[Stored items from a collection]
►

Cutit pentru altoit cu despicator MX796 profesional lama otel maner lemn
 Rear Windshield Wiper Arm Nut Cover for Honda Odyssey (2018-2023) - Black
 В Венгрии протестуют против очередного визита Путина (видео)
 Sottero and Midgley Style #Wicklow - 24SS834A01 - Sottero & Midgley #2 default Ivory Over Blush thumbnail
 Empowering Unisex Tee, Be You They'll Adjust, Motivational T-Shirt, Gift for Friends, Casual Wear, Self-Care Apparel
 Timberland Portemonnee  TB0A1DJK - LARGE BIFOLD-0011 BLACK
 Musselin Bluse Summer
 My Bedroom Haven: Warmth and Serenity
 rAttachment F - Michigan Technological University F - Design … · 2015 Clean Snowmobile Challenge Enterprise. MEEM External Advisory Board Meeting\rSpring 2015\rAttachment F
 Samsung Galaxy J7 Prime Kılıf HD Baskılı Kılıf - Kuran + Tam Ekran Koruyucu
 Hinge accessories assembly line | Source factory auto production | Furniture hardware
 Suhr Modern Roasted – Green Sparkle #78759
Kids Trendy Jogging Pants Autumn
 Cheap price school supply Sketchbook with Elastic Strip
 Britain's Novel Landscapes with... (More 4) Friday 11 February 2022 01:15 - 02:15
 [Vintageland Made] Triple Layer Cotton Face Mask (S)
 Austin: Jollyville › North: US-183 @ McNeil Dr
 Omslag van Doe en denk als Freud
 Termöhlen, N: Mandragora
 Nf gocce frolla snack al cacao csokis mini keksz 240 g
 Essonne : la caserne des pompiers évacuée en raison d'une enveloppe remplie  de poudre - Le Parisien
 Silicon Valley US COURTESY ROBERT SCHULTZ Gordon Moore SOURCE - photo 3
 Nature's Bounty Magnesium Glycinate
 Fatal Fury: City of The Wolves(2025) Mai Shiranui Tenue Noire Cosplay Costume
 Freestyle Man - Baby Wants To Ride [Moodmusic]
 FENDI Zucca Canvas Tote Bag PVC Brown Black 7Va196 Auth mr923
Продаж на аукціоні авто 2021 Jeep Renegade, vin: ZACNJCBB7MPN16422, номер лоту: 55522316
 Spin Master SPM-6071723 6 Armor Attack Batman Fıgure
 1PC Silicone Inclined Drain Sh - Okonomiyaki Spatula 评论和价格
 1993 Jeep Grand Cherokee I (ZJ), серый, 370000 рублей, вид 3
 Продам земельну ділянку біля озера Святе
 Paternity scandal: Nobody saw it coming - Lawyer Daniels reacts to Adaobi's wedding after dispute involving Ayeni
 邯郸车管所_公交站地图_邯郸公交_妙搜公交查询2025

◄

→ Task prompt
From the records above, copy out the line with "LARGE BIFOLD-0011 BLACK", the line with "rAttachment F - Michigan", and every line between them, word for word.

→ Response area
 Timberland Portemonnee  TB0A1DJK - LARGE BIFOLD-0011 BLACK
 Musselin Bluse Summer
 My Bedroom Haven: Warmth and Serenity
 rAttachment F - Michigan Technological University F - Design … · 2015 Clean Snowmobile Challenge Enterprise. MEEM External Advisory Board Meeting\rSpring 2015\rAttachment F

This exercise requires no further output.